Goscinny replace la plantureuse Lulu Carabine, déjà présente dans Dalton City, ce qui ajoute au plaisir du fan.

Morris est dans une forme olympique sur ces deux albums : comme à chaque fois qu'il dispose de scénarios solides et riches, son art a la possibilité de s'exprimer pleinement et le lecteur peut mesurer l'étendue de son talent.

Avec Jesse James, c'est sa capacité toujours impressionnante à camper des personnages aux trognes impayables qui l'emporte. Il leur donne une expressivité, des attitudes, savoureuses, dans lesquelles on lit immédiatement toute la bêtise et la suffisance dont ils vont faire preuve. En même temps, quel que soit le vilain qu'il représente, Morris ne le rend jamais complètement antipathique justement parce son allure et sa gestuelle indiquent tout de suite au lecteur qu'il est plus idiot que méchant : ainsi il est rare de voir un bandit cruel dans Lucky Luke. Têtu, obtus, oui, mais jamais au point de le prendre en grippe (même le teigneux Joe Dalton fait sourire à cause du rouge qui lui monte vite au visage et de petite taille contrastant avec la silhouette svelte de Luke).

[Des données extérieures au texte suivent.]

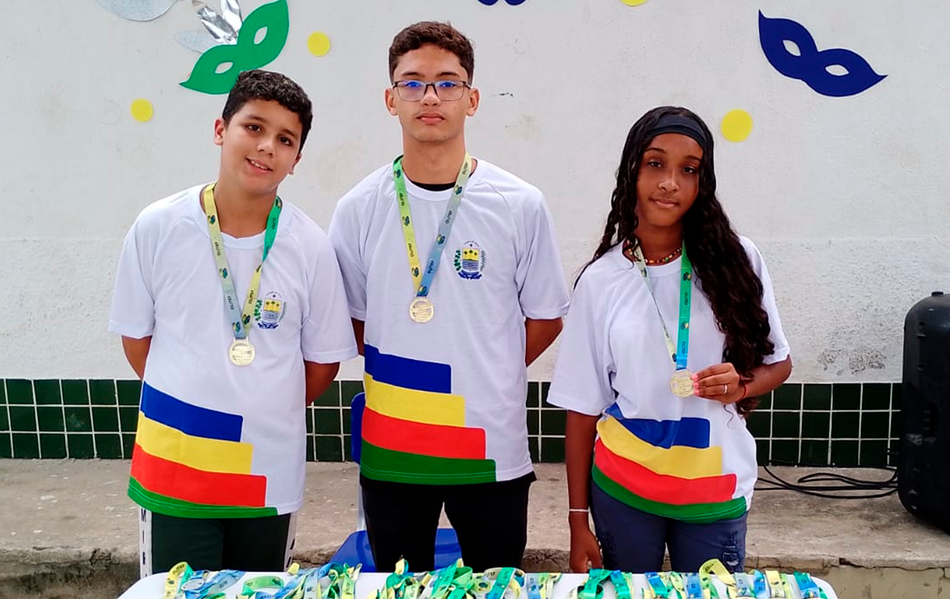 Estudantes da rede estadual do Piaui conquistam medalhas em Olimpíada de Educação Financeira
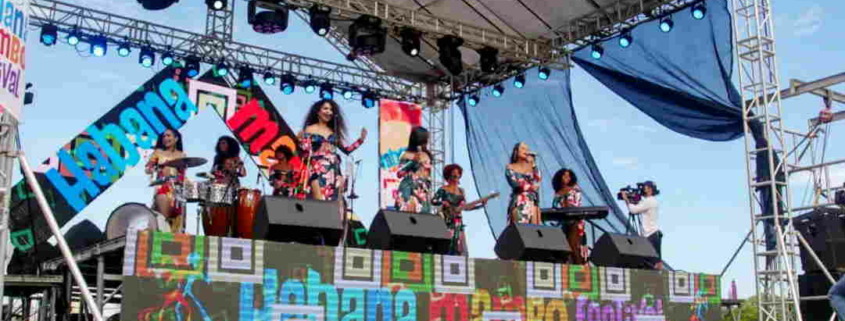 Habana Mambo Festival regresa a Cuba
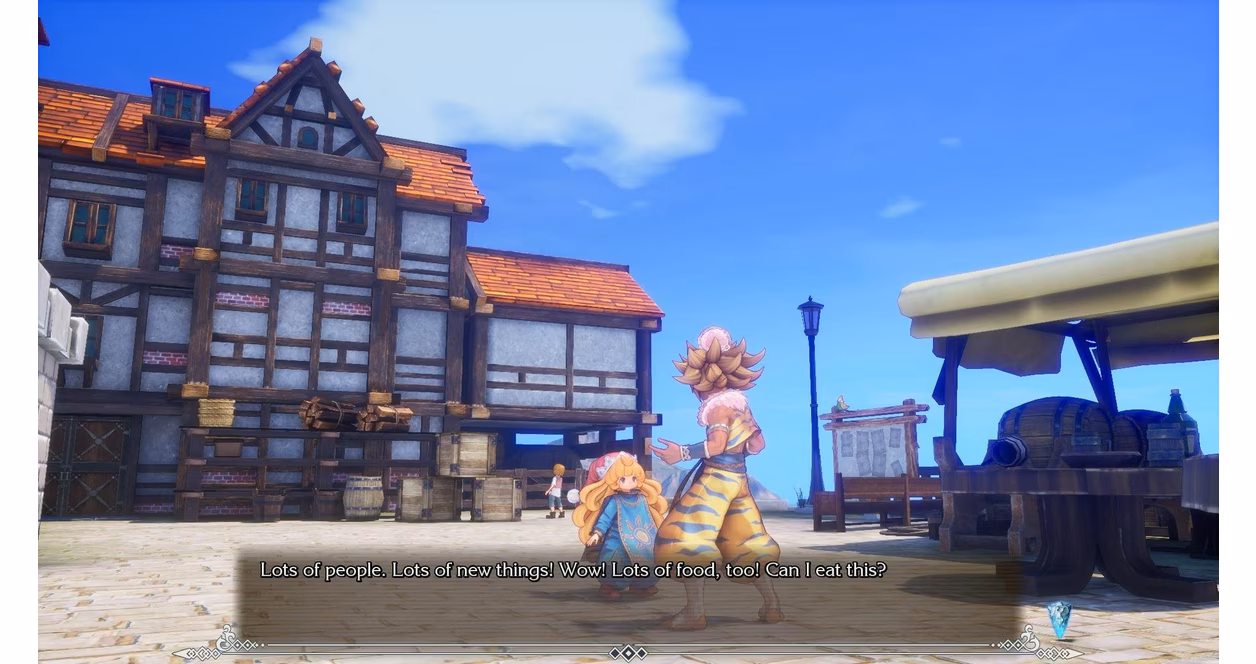 GameStop Trials of Mana - PlayStation 4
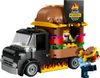 LEGO CITY Auto hamburgerový truck 60404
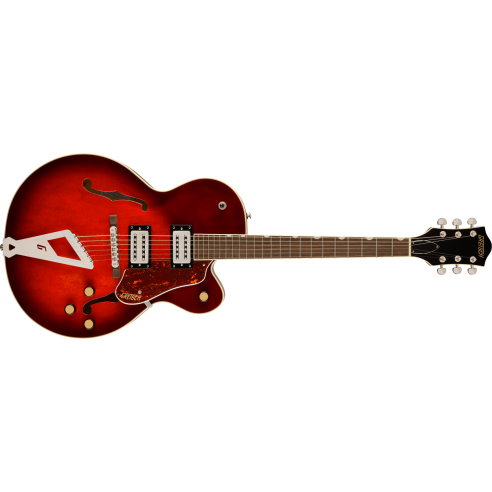 GRETSCH G2420 STREAMLINER CLARET BURST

Mais dans Western Circus, le travail de l'artiste est impressionnant : non seulement il gère un casting fourni, des décors surprenants, mais les animaux du cirque volent presque la vedette aux humains. Le vieux lion borgne (avec un bandeau sur l'oeil gauche) Nelson, efflanqué et paresseux (et ne consommant que de la soupe) est sensationnel.

Lorsque tous ces éléments sont déployés dans la séquence finale du rodéo-spectacle, on atteint à la fois un sommet dans le délire, la fantaisie mais aussi dans le découpage, avec des compositions dont la richesse n'est jamais indigeste grâce à la faculté de Morris de les animer. 

Voilà deux chefs d'oeuvre de la série qui est alors dans son âge d'or : les talents combinés de Goscinny et Morris sont au firmament.